# Testing and feedback loops for greybox modules

A deep module becomes a **greybox** when you can trust its behaviour without reading its internals.

That trust comes from:
- a fast feedback loop (run locally + in CI)
- contract tests at the boundary

## The “fast loop” checklist

Aim for a default `verify` command that:
- runs in minutes (ideally < 2–5 for unit-level signal)
- fails loudly with actionable messages
- is deterministic

If your repo has multiple packages/services:
- add `verify:fast` (unit + typecheck) and `verify:full` (integration/e2e)
- make the agent run `verify:fast` frequently while refactoring

## Contract tests (module boundary tests)

Contract tests focus on **what the module promises**, not how it does it.
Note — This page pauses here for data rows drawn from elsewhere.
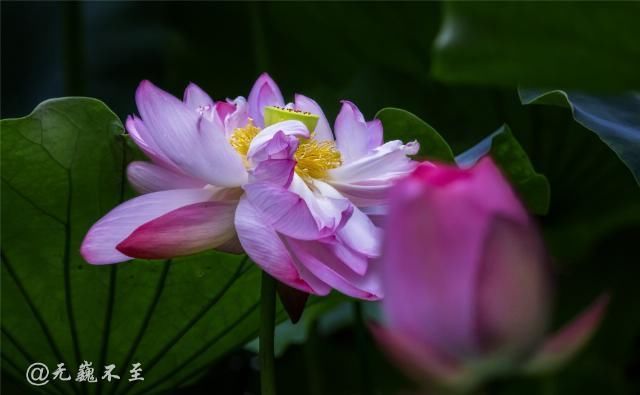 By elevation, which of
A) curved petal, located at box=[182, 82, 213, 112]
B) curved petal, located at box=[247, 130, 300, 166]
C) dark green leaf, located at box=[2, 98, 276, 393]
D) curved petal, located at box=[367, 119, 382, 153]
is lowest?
dark green leaf, located at box=[2, 98, 276, 393]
For each exported function/type:
- 1–3 happy path tests
- at least 1 meaningful error/edge case
- side effects verified via fakes/spies

Examples of boundary contract assertions:
- return value shape is stable
- errors are typed/structured and documented
- database writes happen exactly once
- events are emitted with the expected payload

## A practical sequence for risky refactors

1. **Freeze the surface**
   - Write down the public API you want.
   - Add a thin wrapper over existing code to match that API.
2. **Add contract tests**
   - If there are no tests, start with “golden master” tests:
     - given input X, output matches snapshot Y
     - useful for stabilising behaviour before improving it
3. **Refactor internals**
   - move helpers into `internal/`
   - replace implementations gradually
4. **Tighten tests over time**
   - replace snapshots with explicit assertions
   - add internal tests only where justified

## What to test where

- **Boundary / contract tests** (high value)
  - live next to the module
  - protect consumers
  - enable internal rewrites

- **Internal unit tests** (selective)
  - for complex algorithms
  - for performance-sensitive code

- **Integration tests** (targeted)
  - verify real DB/API wiring
  - keep small; they’re slower and flakier

## Making tests AI-friendly

Tests should:
- be runnable with one command
- use clear naming (“should return invalid-credentials when …”)
- include minimal fixture complexity
- avoid non-determinism (time, random, network)

When failures happen, error output should tell the agent:
- what broke
- where to look
- what invariant was violated